Ask her questions. Not too many so that she will always have the one that have to decide things as this can be overwhelming for a child. But little choices in everyday life on her way to make her own decisions. Like which sweater would you like to wear today? This one or this one? Would you prefer this for dinner or that for dinner? Imagine how liberating it can be for a small child when they learn that they are allowed to make their own decisions and that you care about their preferences. Remember, their decisions and preferences does not necessarily align with yours, try to be supportive and flexible, even though their style game can be a little fun. If it is about wearing something not weather appropriate you just explain that.

It is then important to explain why you say what you do so your child will learn the correlation between things. They do not automatically know this by themselves. “If you go out without shoes/with the sandals in the pouring rain you will get wet and cold on your feet and then you might become sick. I do not want you to be sick, I want you to be healthy and happy”. So let’s find which shoes that are good to wear when it rains so you stay well. 
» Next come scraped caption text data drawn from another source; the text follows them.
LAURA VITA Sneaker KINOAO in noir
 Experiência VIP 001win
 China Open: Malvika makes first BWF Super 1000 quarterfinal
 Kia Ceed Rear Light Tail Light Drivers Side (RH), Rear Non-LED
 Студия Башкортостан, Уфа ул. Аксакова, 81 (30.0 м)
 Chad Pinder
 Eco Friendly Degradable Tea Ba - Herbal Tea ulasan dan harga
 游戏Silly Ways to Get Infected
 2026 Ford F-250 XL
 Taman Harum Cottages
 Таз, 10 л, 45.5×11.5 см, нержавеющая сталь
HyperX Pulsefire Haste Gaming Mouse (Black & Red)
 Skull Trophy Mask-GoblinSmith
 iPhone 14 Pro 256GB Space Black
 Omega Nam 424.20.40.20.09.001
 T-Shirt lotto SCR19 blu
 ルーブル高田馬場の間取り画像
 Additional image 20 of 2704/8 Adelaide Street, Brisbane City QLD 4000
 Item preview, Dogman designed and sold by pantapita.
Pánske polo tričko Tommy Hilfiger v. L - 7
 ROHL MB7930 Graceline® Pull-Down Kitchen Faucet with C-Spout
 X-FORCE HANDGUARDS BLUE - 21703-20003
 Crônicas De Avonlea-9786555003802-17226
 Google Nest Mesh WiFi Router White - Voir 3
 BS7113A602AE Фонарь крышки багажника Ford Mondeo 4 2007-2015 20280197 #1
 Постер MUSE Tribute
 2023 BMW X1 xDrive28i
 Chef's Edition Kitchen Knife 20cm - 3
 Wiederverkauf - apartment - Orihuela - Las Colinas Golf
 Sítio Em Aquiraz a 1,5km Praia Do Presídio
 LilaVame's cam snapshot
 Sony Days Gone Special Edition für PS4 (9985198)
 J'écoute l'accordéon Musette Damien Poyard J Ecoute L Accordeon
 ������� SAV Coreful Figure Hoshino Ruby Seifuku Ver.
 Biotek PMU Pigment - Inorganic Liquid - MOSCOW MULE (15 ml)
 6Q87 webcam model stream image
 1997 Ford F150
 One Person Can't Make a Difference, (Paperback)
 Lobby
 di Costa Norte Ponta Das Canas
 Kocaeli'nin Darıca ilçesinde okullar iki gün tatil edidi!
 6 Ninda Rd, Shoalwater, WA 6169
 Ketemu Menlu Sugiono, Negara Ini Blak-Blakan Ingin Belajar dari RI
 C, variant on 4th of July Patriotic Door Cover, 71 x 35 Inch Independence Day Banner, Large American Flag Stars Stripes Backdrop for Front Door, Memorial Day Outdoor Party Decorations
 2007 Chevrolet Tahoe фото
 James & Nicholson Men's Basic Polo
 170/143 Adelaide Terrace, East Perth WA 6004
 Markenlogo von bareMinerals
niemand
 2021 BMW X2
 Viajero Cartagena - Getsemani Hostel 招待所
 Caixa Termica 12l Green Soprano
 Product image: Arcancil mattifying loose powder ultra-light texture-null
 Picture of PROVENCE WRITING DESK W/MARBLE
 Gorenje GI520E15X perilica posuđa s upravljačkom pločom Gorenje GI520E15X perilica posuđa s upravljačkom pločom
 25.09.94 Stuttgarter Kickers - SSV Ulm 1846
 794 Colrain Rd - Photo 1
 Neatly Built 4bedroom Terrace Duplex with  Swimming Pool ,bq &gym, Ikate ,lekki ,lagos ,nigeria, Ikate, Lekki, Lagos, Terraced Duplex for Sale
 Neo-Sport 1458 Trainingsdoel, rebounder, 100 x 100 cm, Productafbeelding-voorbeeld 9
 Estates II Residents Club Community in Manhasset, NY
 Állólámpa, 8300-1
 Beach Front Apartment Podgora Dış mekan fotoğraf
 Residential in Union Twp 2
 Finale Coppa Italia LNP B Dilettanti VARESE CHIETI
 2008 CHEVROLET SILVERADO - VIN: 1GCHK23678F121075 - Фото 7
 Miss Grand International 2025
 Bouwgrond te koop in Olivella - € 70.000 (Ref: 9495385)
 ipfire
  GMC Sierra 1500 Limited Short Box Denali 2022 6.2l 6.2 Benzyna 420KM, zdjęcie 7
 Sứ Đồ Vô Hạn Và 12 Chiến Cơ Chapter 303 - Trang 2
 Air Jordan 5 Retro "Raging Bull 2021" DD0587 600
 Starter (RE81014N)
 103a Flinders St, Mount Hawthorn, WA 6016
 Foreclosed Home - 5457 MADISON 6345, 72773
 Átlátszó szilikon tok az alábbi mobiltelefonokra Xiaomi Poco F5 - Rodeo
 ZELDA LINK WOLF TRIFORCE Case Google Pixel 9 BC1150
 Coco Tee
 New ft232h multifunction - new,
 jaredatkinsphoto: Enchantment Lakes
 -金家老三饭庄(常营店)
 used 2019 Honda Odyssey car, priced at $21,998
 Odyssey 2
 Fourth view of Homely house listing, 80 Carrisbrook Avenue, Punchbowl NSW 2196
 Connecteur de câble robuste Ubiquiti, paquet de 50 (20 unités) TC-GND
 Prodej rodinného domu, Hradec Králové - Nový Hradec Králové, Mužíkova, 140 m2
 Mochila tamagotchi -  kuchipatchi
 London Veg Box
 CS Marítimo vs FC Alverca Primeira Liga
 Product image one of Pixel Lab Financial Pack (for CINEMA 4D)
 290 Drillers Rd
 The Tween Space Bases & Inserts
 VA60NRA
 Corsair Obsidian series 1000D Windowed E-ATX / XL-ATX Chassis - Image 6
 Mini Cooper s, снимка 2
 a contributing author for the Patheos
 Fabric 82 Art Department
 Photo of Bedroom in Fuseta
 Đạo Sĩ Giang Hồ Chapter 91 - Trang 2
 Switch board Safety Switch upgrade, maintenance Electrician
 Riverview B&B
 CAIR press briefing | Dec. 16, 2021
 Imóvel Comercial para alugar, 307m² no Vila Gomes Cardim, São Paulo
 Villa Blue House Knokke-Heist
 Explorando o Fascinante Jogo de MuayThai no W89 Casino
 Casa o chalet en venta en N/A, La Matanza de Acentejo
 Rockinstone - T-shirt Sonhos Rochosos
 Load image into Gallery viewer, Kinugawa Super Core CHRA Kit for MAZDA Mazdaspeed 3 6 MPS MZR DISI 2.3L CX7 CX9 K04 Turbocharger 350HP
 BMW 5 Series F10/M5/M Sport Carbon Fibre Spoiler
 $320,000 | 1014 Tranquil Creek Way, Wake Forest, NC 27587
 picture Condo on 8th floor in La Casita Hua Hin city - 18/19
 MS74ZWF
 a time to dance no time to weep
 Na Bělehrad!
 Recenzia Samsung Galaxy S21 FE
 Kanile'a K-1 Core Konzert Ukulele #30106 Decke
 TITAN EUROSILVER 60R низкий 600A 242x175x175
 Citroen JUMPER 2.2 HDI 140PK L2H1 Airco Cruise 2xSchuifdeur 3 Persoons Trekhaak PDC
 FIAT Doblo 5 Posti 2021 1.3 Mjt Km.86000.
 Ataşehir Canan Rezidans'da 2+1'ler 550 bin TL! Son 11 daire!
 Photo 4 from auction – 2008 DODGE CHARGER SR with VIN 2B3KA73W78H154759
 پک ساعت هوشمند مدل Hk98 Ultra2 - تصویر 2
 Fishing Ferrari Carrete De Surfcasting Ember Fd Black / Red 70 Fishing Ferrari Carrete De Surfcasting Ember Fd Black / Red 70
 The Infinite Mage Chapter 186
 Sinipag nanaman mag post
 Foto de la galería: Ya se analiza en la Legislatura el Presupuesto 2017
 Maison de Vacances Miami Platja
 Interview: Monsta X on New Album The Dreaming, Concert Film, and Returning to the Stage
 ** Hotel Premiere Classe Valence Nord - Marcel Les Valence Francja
  1. Encourage her to try new things and get out of her comfort zone

If your daughter is afraid of doings something, which she initially said she would like to do, but chickens out right before doing something new which you do think she will enjoy, like swim class, you can “nudge” her. “We can go and just sit there and look at what the other children are doing”. And after a while, “Shall we go and say hello to ..(a person/swimming teacher)”. And in the end” Perhaps we could sit here (closer) on the side and just dip our toes? I think it will feel nice to feel the water on our toes”. Perhaps, before you know it, she will enjoy it and feel better and her curiosity and willingness to learn new things will take over. If not, just move calmly back to a situation which you know she will master. Everyone that has learned to swim probably first dipped only their toe in the water.

Teach your daughter that it is ok to do something new even though you are nervous or feel conflicted about it. Your child might want to do something and not want to do it at the same time. Let her feel what she is feeling and that it is ok to both want to and not want to at the same time and that you will be there with her. Teach her how to feel comfortable when something might feel uncomfortable. If we as grown-ups are coming too late to an event, rushed and flushed, and everybody is already there, it can feel awkward to be the latest to arrive. It is easier to try new situations if you have arrived in good time, have the time to relax and take in the place at first.

She will learn that some level of risk is ok. This will benefit her later in life that she can do something even though it may scare her a little in the beginning. 

  1. Encourage her to have a “growth mindset”.

For example: your toddler plays with Duplo (a form of bigger lego pieces). Then there is something that she struggles with, she becomes frustrated and says out loud” I can’t do it!”.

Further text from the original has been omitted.